Zahrah the Windseeker
"The book, however, says there's a cure," the doctor continued with a soft chuckle. I held my breath. "But even if this were true, it's impossible to obtain. The yolk of an unfertilized elgort egg. Elgorts are raging with life, angry with it. The rage is transferred from mother to baby through the egg. For some reason, or so it says in this book, the extracted yolk reverses the effects of the venom."
"Elgort?" his father whispered. "But that's—"
"Yes, impossible, " the doctor said. "And even if the book was right about the antidote and one could get an unfertilized elgort egg, Dari would have to be administered the elgort egg serum within about three to four weeks for it to work."
I glanced at Dari's parents.

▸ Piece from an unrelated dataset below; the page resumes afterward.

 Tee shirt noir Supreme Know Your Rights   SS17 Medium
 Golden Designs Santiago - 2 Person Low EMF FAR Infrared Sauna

His father's eyes were shut, his eyebrows pressed together, his lips quivering. Is it not the worst pain to know there is a cure for your child's illness and then not be able to obtain it? Oh it must be one of the worst types of pain in the world, I thought. And it was my fault.
Dari's father must have wanted to tear himself away from his wife and run into the forbidden jungle and find an elgort, but even he knew that if he did so, the book's serum recipe might not work. And even if it did and he went in search of it, he'd never see his family again. One of the many mysteries of the forbidden jungle would certainly kill him before an elgort got the chance to do that. Most people of the Ooni Kingdom knew of the elgort, though very few had ever seen one. They were nightmarish monsters that populated the stories of children's books, adult horror novels, and gory digi-movies. The closest people came to elgorts was in the market, where hawkers sold false elgort teeth.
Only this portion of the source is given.